你好,
我们项目需求将doc转换成html并且分割文档,参考官方文档使用了提取doc内容的方法,但是提取完样式有问题,p和table标签的margin bottom都被改变成了0pt。
参考文档:Extract Content Between Document Nodes|Aspose.Words for .NET
public void Get()
{
try
{
HtmlSaveOptions options = new HtmlSaveOptions();
options.ExportRoundtripInformation = true;
options.ExportImagesAsBase64 = true;
options.CssStyleSheetType = CssStyleSheetType.External;
StreamReader sr = new StreamReader("C://wordtohtml//demo.docx", Encoding.Default);
Stream stream = sr.BaseStream;
LoadOptions loadOptions = new LoadOptions
{
WarningCallback = new DocumentLoadingWarningCallback(_logger)
};
Document doc = new Document(stream, loadOptions);
doc.Save("C://wordtohtml//demo.html", options);
//Close the stream now, it is no longer needed because the document is in memory.
stream.Close();
ArrayList head2list = new ArrayList();
var heading2 = doc
.GetChildNodes(NodeType.Paragraph, true)
.Cast<Paragraph>()
.ToArray()
.Where(p => p.ParagraphFormat.StyleIdentifier == StyleIdentifier.Heading2);
foreach (var head2 in heading2)
{
head2list.Add(head2);
}
// get extractedNodes
List<Node> pprList = _asposeService.ExtractContent((Node)head2list[4], (Node)head2list[5], false);
Document pprDoc = _asposeService.GenerateDocument(doc, pprList);
pprDoc.Save("C://wordtohtml//ppr.html", options);
}
catch (Exception e)
{
}
}
public List<Node> ExtractContent(Node startNode, Node endNode, bool isInclusive)
{
// First, check that the nodes passed to this method are valid for use.
VerifyParameterNodes(startNode, endNode);
// Create a list to store the extracted nodes.
List<Node> nodes = new List<Node>();
// If either marker is part of a comment, including the comment itself, we need to move the pointer
// forward to the Comment Node found after the CommentRangeEnd node.
if (endNode.NodeType == NodeType.CommentRangeEnd && isInclusive)
{
Node node = FindNextNode(NodeType.Comment, endNode.NextSibling);
if (node != null)
endNode = node;
}
// Keep a record of the original nodes passed to this method to split marker nodes if needed.
Node originalStartNode = startNode;
Node originalEndNode = endNode;
// Extract content based on block-level nodes (paragraphs and tables).
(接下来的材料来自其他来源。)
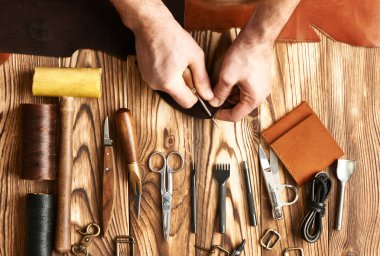 Deri ile çalışan adam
Traverse through parent nodes to find them.
// We will split the first and last nodes' content, depending if the marker nodes are inline.
startNode = GetAncestorInBody(startNode);
endNode = GetAncestorInBody(endNode);
bool isExtracting = true;
bool isStartingNode = true;
// The current node we are extracting from the document.
Node currNode = startNode;
// Begin extracting content. Process all block-level nodes and specifically split the first
// and last nodes when needed, so paragraph formatting is retained.
// Method is a little more complicated than a regular extractor as we need to factor
// in extracting using inline nodes, fields, bookmarks, etc. to make it useful.
while (isExtracting)
{
// Clone the current node and its children to obtain a copy.
Node cloneNode = currNode.Clone(true);
bool isEndingNode = currNode.Equals(endNode);
if (isStartingNode || isEndingNode)
{
// We need to process each marker separately, so pass it off to a separate method instead.
// End should be processed at first to keep node indexes.
if (isEndingNode)
{
// !isStartingNode: don't add the node twice if the markers are the same node.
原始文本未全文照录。